Anne-Laure Dufour, 25 ans, Los Angeles, coach nutritionnel. Originaire de Bras-Panon, j’ai suivi une formation d’ingénieur agroalimentaire à l’ESIROI (Ecole Supérieure d’Ingénieurs Région Océan Indien). Après un poste d’ingénieur agroalimentaire R&D dans une entreprise de barres énergétiques, j’ai lancé mon entreprise.

Quelle est l’ambiance autour de vous depuis l’annonce des résultats ?


Nadia Payet

Nadia Payet : A Seattle, ville très libérale, tout le monde est choqué, déçu, et aussi inquiet. Mes amis, collègues de travail, et mon compagnon, tous américains, sont abasourdis que Trump ait pu gagner cette élection.

Guillaume Hoareau : J’évolue dans un milieu plutôt démocrate. Les gens sont surpris car quasiment tous les sondages étaient en faveur d’ Hillary Clinton.

Alice Tilin : Tout le monde est abasourdi. J’ai suivi les élections dans un bar et je voyais les visages se décomposer au fur et à mesure que les résultats tombaient. J’ai beaucoup d’amis qui ont exprimé leur surprise et leur colère sur les réseaux sociaux. Ils craignent pour leur famille et pour eux-mêmes, notamment ceux qui sont issus de l’immigration. Ils ont peur d’une montée de la xénophobie. Pour l’anecdote, ce matin au travail, un de mes collègue américain s’est présenté spontanément à tous les expatriés du service en s’excusant pour leur nouveau président, et en précisant qu’ils n’ont pas tous voté pour lui. Des manifestations sont aussi prévues dans la journée pour contester les résultats. Je crains que nous n’en ayons pas encore fini avec cette élection !

Anne-Laure Dufour : Les rues d’Alhambra sont restées paisibles.
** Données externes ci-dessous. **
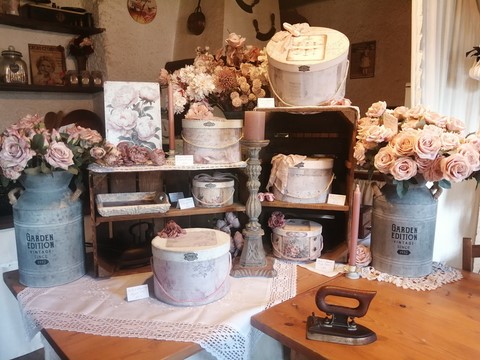 boutique cap de la bigne.jpg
Chacun vaque à ses occupations. Mais les gens que je côtoie sont profondément tristes et déçus par les résultats de cette élection. Sur les réseaux sociaux certains déclarent même vouloir quitter le pays. Personnellement la victoire de Donald Trump m’a beaucoup étonné ; je ne pensais pas que la majorité des Américains allait choisir un tel personnage mégalomane, raciste et intolérant.

Comment est-ce que vous l’expliquez ?


Nadia Payet : On pense que les Démocrates ont voulu trop en faire en essayant de gagner en Floride et dans l’Ohio, états historiquement républicains. Ils n’ont pas assuré leurs arrières dans les états profondément démocrates qui auraient dû voter Hillary, comme le Michigan ou la Pennsylvanie. Du coup ils ont perdu dans tous ces états, ce qui a donné à Trump sa grande victoire...

Guillaume Hoareau

Guillaume Hoareau : L’Amérique est divisée et frustrée. Les gens veulent du changement et renverser les milieux politiques traditionnels. Ils ont été charmés par la rhétorique de Mr. Trump.
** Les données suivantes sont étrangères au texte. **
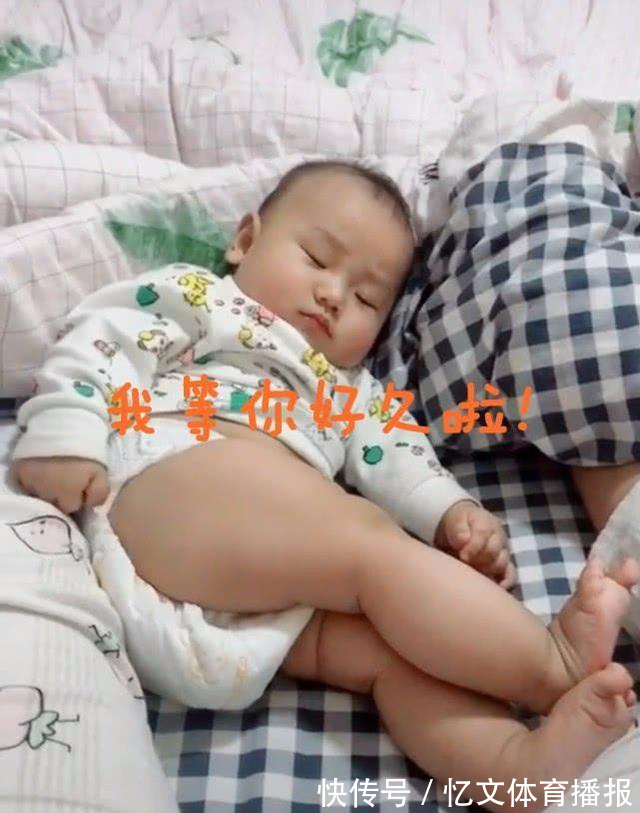 大白腿|萌娃躺床上用“大白腿”撩姐姐火了,网友:未来丈母娘来看你啦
Alice Tilin : Le Massachussetts, état dans lequel je vis, est profondément démocrate et jusque hier soir il était inimaginable que Trump remporte ces élections.
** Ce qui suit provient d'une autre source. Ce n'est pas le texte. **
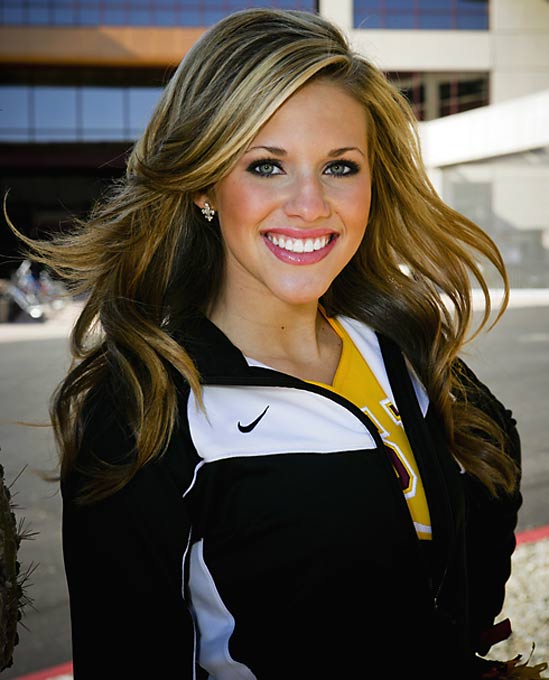 Lauren Thompson Pictures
Anne-Laure Dufour  : Le pays est très divisé. La Californie où je vis rassemble des immigrants du monde entier : Mexique, Amérique du Sud, Asie, Europe… Les gens ici sont révoltés par les propos racistes et discriminatoires de Trump, notamment le fameux mur qu’il souhaite construire entre le Mexique et les Etats-Unis.

Que dit ce scrutin sur l’état actuel des Etats-Unis ?


Nadia Payet  : On se rend compte de la division du pays et que les Américains voulaient du changement. Dans les villes très libérales des Etats-Unis, on ne peux pas comprendre les problèmes auxquels les supporteurs de Trump font face. Du coup, on est complètement déconnectés quand on regarde ces résultats.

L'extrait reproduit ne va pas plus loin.